FIG. 17 shows that at average jitter value of 25 ms with stdev>6 ms, the QoE and VQ dimensions are dropping significantly, with video being the most sensitive one. Quality degradations AQ and CN1 remain stable and good (3.5-4 MOS) even up to 12 ms stdev. It can be concluded that random jitter is of less concern for CN1 quality dimension, but more for VQ streaming which ultimately impacts cloud gaming QoE. FIG. 17 further reveals that when gamers feel quite capable of interacting with the game/characters (CN1), then the overall perceived QoE can be higher, even though the VQ is quite poor.

FIG. 18, FIG. 19, FIG. 20, and FIG. 21 show the impact of jitter spikes values as well as their frequency of occurrences during the game sequence (match round). FIG. 18 and FIG. 19 show that all 4 quality dimensions (QoE, CN1, AQ, VQ) are almost not affected by the frequency of occurrence, but rather more by the amplitude of the jitter. Values of amplitudes increasing to 200 ms can cause quality drops for around 0.5 MOS, slightly more for lower frequencies of occurrences. The higher impact of the jitters' amplitude rather than their frequency of occurrence is best proved in FIG. 20 and FIG. 21 where the quality for all 4 dimensions stays the same for the same amplitude of the jitter value, with the jitter occurring each 5 or 15 seconds (200 ms delay) and occurring each 15 and 45 seconds (1500 ms delay). In addition, QoE and CN1 quality dimensions are more affected than audio and video. In the case of jitter spikes conditions, basically the QoE dimension is defined by the CN1 dimension.

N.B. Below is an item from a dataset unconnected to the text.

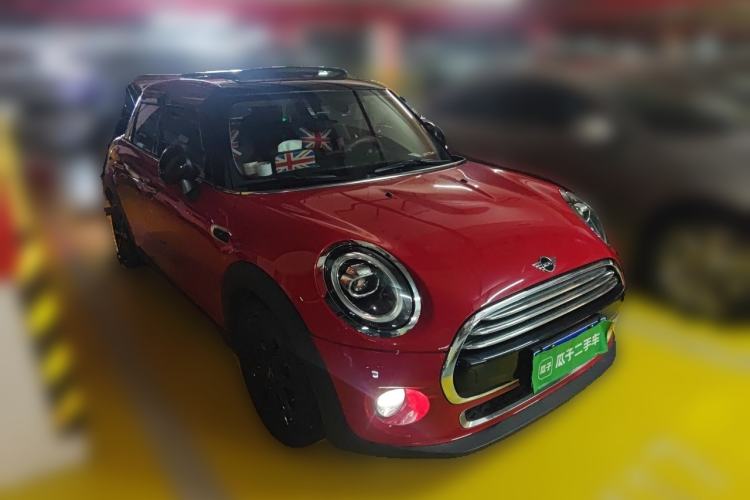 Used MINI 2018 1.5T COOPER Artist Five-Door Edition Front Right 45 Deg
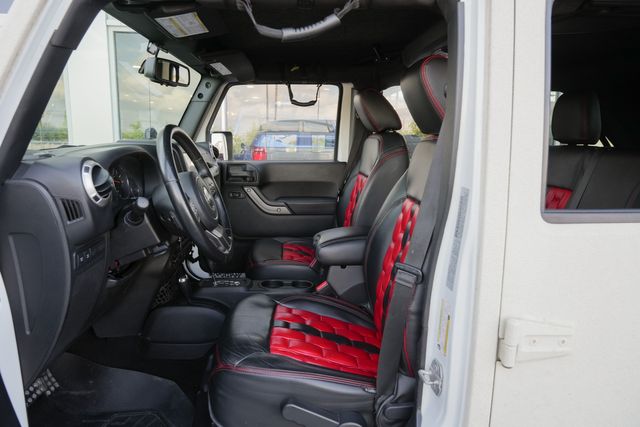 2016 Jeep Wrangler Unlimited Rubicon 4X4 / STARWOOD MOTORS 6.4L HEMI V-8 LOADED | Austin, TX | Rocky Mountain Truck Stop Austin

3. Measuring User Experience with Utility Functions

The research flow on FIG. 6 continues with building a mathematical formula (model) to estimate a user's subjective experience based on measured parameters such as RTT, PL, random jitter and spiky jitter obtained while network traffic packet patterns are varied.

The process begins by analysing each question from the Table 2 (FIG. 25) separately. That is, for each question 305, it is possible to create a mathematical formula 306 that will consider the participants' answers per network condition profile, which are 4 in total (Table1—FIG. 24). For instance, create a mathematical formula that will fit the [RTT] network condition profile. Therein, the mathematical function needs to be calibrated by considering the average answers for all the test conditions—[25 ms], [50 ms], [100 ms], [200 ms], [300 ms], [400 ms]. The mathematical function as in (1) represents the satisfaction or pleasure on a scale that participants receive for consuming a good or service [10]. Thus, given a small set of known average MOS for the network test conditions within a network condition profile, the function will be able to produce a satisfaction or please score (MOS) for any possible (unknown) combination of network test conditions for the given network condition profile. That is, fitting the network condition profiles into a mathematical function to estimate MOS. There are many different forms of such functions. Some examples are linear, polynomial, logistic, exponential, or logarithmic functions [10].

The process on FIG. 6 is completed when the calibration 307 reaches an optimal performance score (e.g., using R-squared and Root Mean Squared Error) for all four network condition profiles. The calibration 308 entails tuning the static parameters of the function in order to increase the accuracy of estimating the participants' MOS. Then, a combination of the mathematical functions is the final function 309 for a given question and, thus, the function is ready to be used.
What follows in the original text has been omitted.